Space Crew Radiation Protection

Image From the Mars Society Website

Radiation Exposure Limits

NASA currently uses a Linear No Threshold (LNT) Model for radiation exposure, with a 600 mSv space related career exposure limit, with most other space agencies using a 1 Sv limit. The LNT model is not really supported by the data, either from radiation therapies, or the global distribution of background radiation levels. Recognizing a reasonable threshold model is required to reasonably plan long term space habitation. A conservative threshold for no effect would probably be 300 mSv/year (0.82 mSv/day) for continuous exposure since there is an area in Iran with a background of 260 mSv/year that seems not to have any issues. If you’re willing to take a less conservative view based on the moderate dose subset of the radium girls (who didn’t have any detectable increase in cancer) with a safety factor of 10, you get a limit of 700 mSv/year (2 mSv/day) for continuous exposure. The NASA standard is derived from limiting excess risk of death due to radiation to a 3% increase, which you could also apply to a threshold model.

The dangers of chronic radiation exposure are also not the same for all parts of the body. Fast dividing cells like the lining of the gut or the active bone marrow are relatively vulnerable to radiation, whereas skin, muscles, and inactive bone marrow are much more resilient to radiation damage. In an adult only the bones in the skull and abdomen have active red bone marrow under normal circumstances, and the water in your cells provides some shielding for deeper tissues, so full protection isn’t even necessarily required for the whole body.

Mechanics of Radiation Shielding

Due to the contribution of secondary neutrons and the reduced relative linear energy transfer of higher energy particles, the effect of additional shielding on GCRs is very nonlinear. For metals and polymers, the first 10 g/cm^2 of shielding gets you a significant reduction in effective dose, 20 g/cm^2 gives a small reduction compared to 10 g/cm^2, and further reductions are marginal. Depending on the exact boundary conditions some simulations show an increase in effective dose due to chain target fragmentation behind metal shielding that’s 20-100 g/cm^2 that doesn’t have a polymer layer behind it.
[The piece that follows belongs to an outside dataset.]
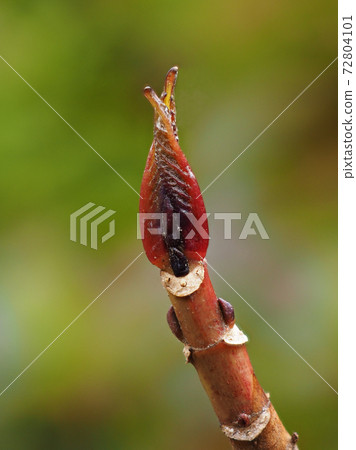 Winter buds of hydrangea and leaf marks on a unique face (after the leaves have fallen) 72804101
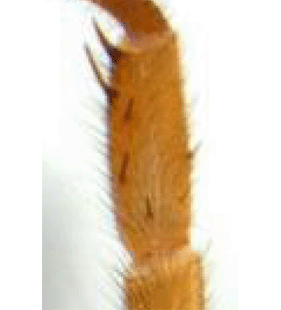 speciesimage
10 g/cm^2 of PE gets you below 400 mSv/year from GCRs outside a planetary magnetosphere at solar minimum, but getting below 300 mSv/year requires more like 60g/cm^2, or being on a surface or in a sufficiently low orbit for the relevant body to take up at least 30% of the sky. Getting 60g/cm^2 of shielding over a full living volume that’s smaller or less efficient than a dumbbell habitat designed for 100s of people is impractical due to surface to volume ratios and the required shielding mass relative to a habitat without supplemental shielding.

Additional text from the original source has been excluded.